Character budget: - Per file: 20,000 chars max (70% head / 20% tail truncation) - Total prompt: 150,000 chars max
Variables {date}, {bot_name}, {owner_name}, {timezone} are replaced in the final prompt.
Streaming Pipeline¶
LLM Provider
|
| yields StreamEvent(type="text_delta", text="...")
v
Agent.run_turn_stream()
|
| yields StreamEvent to caller
v
TelegramAdapter._respond_stream()
|
| accumulates text
| sends draft at flush_interval
v
Bot.sendMessageDraft(chat_id, draft_id, text)
|
| final
v
Bot.sendMessage(chat_id, formatted_html)
Key points:
- Draft updates are paused during tool execution to avoid race conditions
- The Telegram adapter tracks the last sent draft text to avoid redundant updates
- Each streaming session gets a unique draft_id
- The final message is sent with HTML formatting (Markdown is converted)

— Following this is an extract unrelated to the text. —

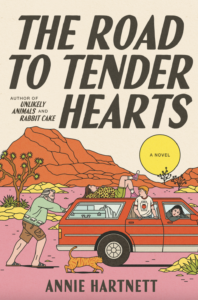 Book cover for  The Road to Tender Hearts  by Annie Hartnett. Image on cover is a simple, 1970s-style drawing of a person wearing a teal sweatshirt and brown shorts who is standing behind a station wagon and pushing the back of it as someone in the vehicle is driving. They must be stuck! They appear to be in the desert somewhere as there are cacti and a small, red mountain or large hill in the background. 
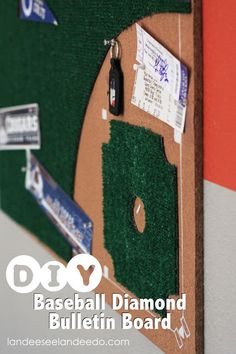 a baseball diamond bulletin board with magnets on it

Error Handling and Failover Flow¶
Agent calls provider.chat()
|
+--- Success --> return response
|
+--- Exception caught
| |
| classify_error(e) --> error_type
| |
| +--- PERMANENT (auth, billing)
| | --> raise immediately
| |
| +--- TRANSIENT (rate_limit, overloaded, timeout)
| | --> retry with exponential backoff (2s, 4s, max 30s)
| | --> up to 2 retries
| |
| +--- UNKNOWN
| --> raise immediately
|
[If all retries fail]
|
+--- rate_limit --> "Limitga yetdik..."
+--- auth --> "API kalitda xatolik..."
+--- billing --> "API hisob muammosi..."
+--- other --> "Xatolik yuz berdi..."
With FailoverProvider, the flow extends:
FailoverProvider.chat()
|
Try active provider
| |
| Success --> mark_success(), return
| |
| Failure --> classify_error(), mark_failed()
| |
| cooldown = 120s * failure_count (max 600s)
| |
Try next available provider
| ...
|
All providers exhausted --> raise last error
Context Management Flow¶
Turn N: input_tokens = 45,000 / 200,000 max (22.5%)
--> Normal operation
Turn N+5: input_tokens = 100,000 (50%)
--> Working buffer ACTIVATES
--> Exchanges logged to working-buffer.md
Turn N+10: estimated next = 128,000 (64% > 60% threshold)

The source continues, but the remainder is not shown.